Task Write code to produce the mean and standard deviation temperature for each day in 2013 for NYC?
Make sure to group_by the appropriate variables first, before summarizeing the mean and standard deviation.
summary_temp_by_day <- weather %>%
group_by(year, month, day) %>%
summarize(mean = mean(temp, na.rm = TRUE),
std_dev = sd(temp, na.rm = TRUE))
summary_temp_by_day# A tibble: 364 x 5
# Groups: year, month [12]
year month day mean std_dev
<int> <int> <int> <dbl> <dbl>
1 2013 1 1 37.0 4.00
2 2013 1 2 28.7 3.45
3 2013 1 3 30.0 2.58
4 2013 1 4 34.9 2.45
5 2013 1 5 37.2 4.01
6 2013 1 6 40.1 4.40
7 2013 1 7 40.6 3.68
8 2013 1 8 40.1 5.77
9 2013 1 9 43.2 5.40
10 2013 1 10 43.8 2.95
# ... with 354 more rows
# i Use `print(n = ...)` to see more rows
Task
Recreate by_monthly_origin, but instead of grouping via group_by(origin, month), group variables in a different order group_by(month, origin). What differs in the resulting data set?

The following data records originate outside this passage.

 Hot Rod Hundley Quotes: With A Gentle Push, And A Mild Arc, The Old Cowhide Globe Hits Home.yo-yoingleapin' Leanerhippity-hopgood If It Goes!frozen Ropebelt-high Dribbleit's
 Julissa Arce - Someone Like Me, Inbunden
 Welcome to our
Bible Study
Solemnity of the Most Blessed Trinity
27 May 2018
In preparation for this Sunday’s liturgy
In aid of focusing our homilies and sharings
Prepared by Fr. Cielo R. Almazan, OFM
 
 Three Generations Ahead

by_monthly_origin <- flights %>%
group_by(month, origin) %>%
summarize(count = n())
by_monthly_origin# A tibble: 36 x 3
# Groups: month [12]
month origin count
<int> <chr> <int>
1 1 EWR 9893
2 1 JFK 9161
3 1 LGA 7950
4 2 EWR 9107
5 2 JFK 8421
6 2 LGA 7423
7 3 EWR 10420
8 3 JFK 9697
9 3 LGA 8717
10 4 EWR 10531
# ... with 26 more rows
# i Use `print(n = ...)` to see more rows
The difference is they are organized/sorted by month first, then origin
Task
How could we identify how many flights left each of the three airports for each carrier?

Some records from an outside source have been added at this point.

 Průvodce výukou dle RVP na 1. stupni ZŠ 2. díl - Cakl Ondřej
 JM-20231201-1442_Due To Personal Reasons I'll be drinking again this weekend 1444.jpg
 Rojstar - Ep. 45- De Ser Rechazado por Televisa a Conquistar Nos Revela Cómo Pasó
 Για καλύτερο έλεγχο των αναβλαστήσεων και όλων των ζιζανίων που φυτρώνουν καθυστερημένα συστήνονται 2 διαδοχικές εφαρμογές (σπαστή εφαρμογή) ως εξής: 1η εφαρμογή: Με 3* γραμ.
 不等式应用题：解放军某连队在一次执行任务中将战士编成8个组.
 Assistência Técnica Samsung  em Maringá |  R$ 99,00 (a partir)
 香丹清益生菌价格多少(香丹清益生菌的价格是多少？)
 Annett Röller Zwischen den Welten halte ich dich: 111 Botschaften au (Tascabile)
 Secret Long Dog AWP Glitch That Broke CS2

Summarize the count from each airport using the n() function, which counts rows.
count_flights_by_airport <- flights %>%
group_by(origin, carrier) %>%
summarize(count=n())
count_flights_by_airport# A tibble: 35 x 3
# Groups: origin [3]
origin carrier count
<chr> <chr> <int>
1 EWR 9E 1268
2 EWR AA 3487
3 EWR AS 714
4 EWR B6 6557
5 EWR DL 4342
6 EWR EV 43939
7 EWR MQ 2276
8 EWR OO 6
9 EWR UA 46087
10 EWR US 4405
# ... with 25 more rows
# i Use `print(n = ...)` to see more rows
Note: the n() function counts rows, whereas the sum(VARIABLE_NAME) function sums all values of a certain numerical variable VARIABLE_NAME.
Task
How does the filter operation differ from a group_by followed by a summarize?
filter() picks out rows from the original data set without modifying them, whereas group_by %>% summarize computes summaries of numerical variables, and hence reports new values.